In de discussie, die op het referaat van Dr Nagel volgde, werd er door enige predikanten op gewezen, dat alleen „verlevendiging van het Godsbesef" de maatschappij naar orde en rust zou kunnen terugvoeren. Dit werd door velen beschouwd als een taak van de kerk, maar sommige meenden, dat door de gedeeldheid der kerken en ook dat een brede massa niet meer door de kerk werd bereikt, de kerk hierin niet zal slagen. Van het humanistische standpunt, dat de mens in wezen goed is, bleek het merendeel geen aanhanger te zijn. De referent veinsde niet te zeggen, dat de mens in wezen verdorven is.

Het humanisme, dat er van uitgaat, dat de mens in wezen goed is, is bankroet geslagen op zijn eigen puinhopen. De toenemende criminaliteit is er het bewijs van.
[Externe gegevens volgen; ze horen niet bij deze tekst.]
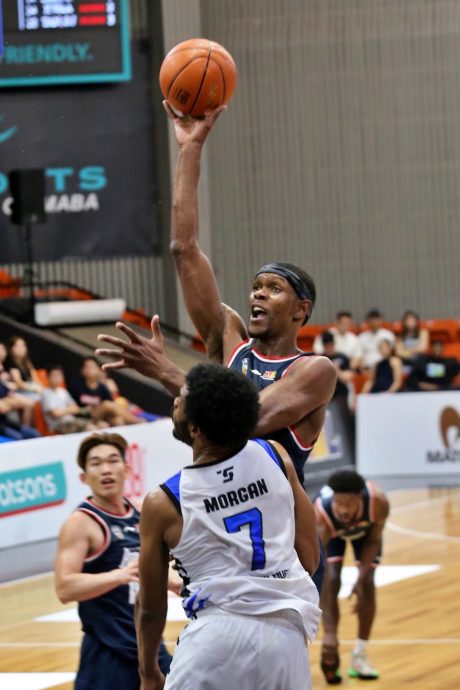 第2季大马篮球联赛|末节逆转战斗鸡  南虎4战全胜开局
De Catechismus leert het ons, op grond van Gods Woord, dat onze verdorven aard voortkomt uit onze val in het Paradijs, waardoor wij alzo verdorven zijn dat wij ganselijk onbekwaam zijn tot enig goed en geneigd tot alle kwaad, tenzij dan, dat wij door de Geest Gods wederom geboren worden. Alleen door een terugkeren tot Gods Woord en Zijn dierbare inzettingen, zal de schrikbarende toename der misdadigheid worden teruggedrongen.

Het kwaad wortelt diep en zit er al vroeg in. Van een christelijk Hoofdonderwijzer hoorde ik laatst, dat vier van zijn jongens wegens herhaaldelijke diefstallen, in een verbeterings-gesticht moesten worden gebracht. De ouders moesten het hoofd meedelen, dat ze met de jongens geen raad wisten! En een plattelands-burgemeester vertelde mij, dat bij een gehouden enquête op 'n school, meerdere jongens geldelijke schuld hadden in zgn. snoep-kitten, één zelfs veertig gulden! Snoepen van chocola, ijs of patat, het roken van sigaretten, tegenwoordig door de jeugd veel gedaan, vraagt veel geld. Hebben ze het niet, komen ze tot stelen. Het leidt tot de misdaad in het kwadraat.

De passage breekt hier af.